LOGAN will have to team up with the supernatural HOWLING COMMANDOS to unravel the mystery of why Jubilee has disappeared…but is he prepared for what this investigation will uncover? Follow the old man to ROMANIA and find out!
32 PGS./Parental Advisory …$3.99


It looks like Lemire may have forgotten what book he was writing and accidentally turned in a script for his New 52 Frankenstein, Agent of SHADE book, the first collection of which was subtitled "War of the Monsters." Huh.
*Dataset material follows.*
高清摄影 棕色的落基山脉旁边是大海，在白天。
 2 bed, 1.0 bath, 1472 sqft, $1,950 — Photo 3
PATSY WALKER, A.K.A. HELLCAT! #12
KATE LETH (W) • BRITTNEY L. WILLIAMS (A/C)
• No cat puns here, I promise: Hellcat and Black Cat face off as our heroine and friends fight to save the city from cat-astrophe!
• They — oh, wait. I did it, didn’t I? I cat-punned. Dangit! Okay, okay, hear me out: Patsy puts Felicia’s schemes on paws when she — WAIT, I SWEAR I CAN DO THIS. DON’T PRINT.
32 PGS./Rated T …$3.99


This cover is a pretty good example of why Patsy Walker is one the two best Marvel comics on the stands.


UNCANNY AVENGERS #16
GERRY DUGGAN (W) • PEPE LARRAZ (A)
COVER BY STEVE MCNIVEN
CIVIL WAR II AFTERMATH!
• The Hand has resurrected the Hulk, and the only ones standing in the way of the undead rampaging brute are the former Avengers of the Unity Squad.
• The first bullet point of this solicit is so damn compelling that a second selling point is completely superfluous.
• Steve Rogers gave an order that the Avengers did not follow. We’ll find out how that works out for everyone!
32 PGS./Rated T …$3.99


I was excited about this issue when I saw the cover and that it would be a comic book about a mummy who is also The Hulk. I'm less excited after having read the solicitation, as I'm not really sure how The Hulk can actually die in order to come back to life (Oh, and spoilers for Civil War II, I imagine?).

Thursday, August 25, 2016

DC's November previews reviewed

DC Comics plans to publish a bunch of comics this November. Are any of them worthy of comment? Yes.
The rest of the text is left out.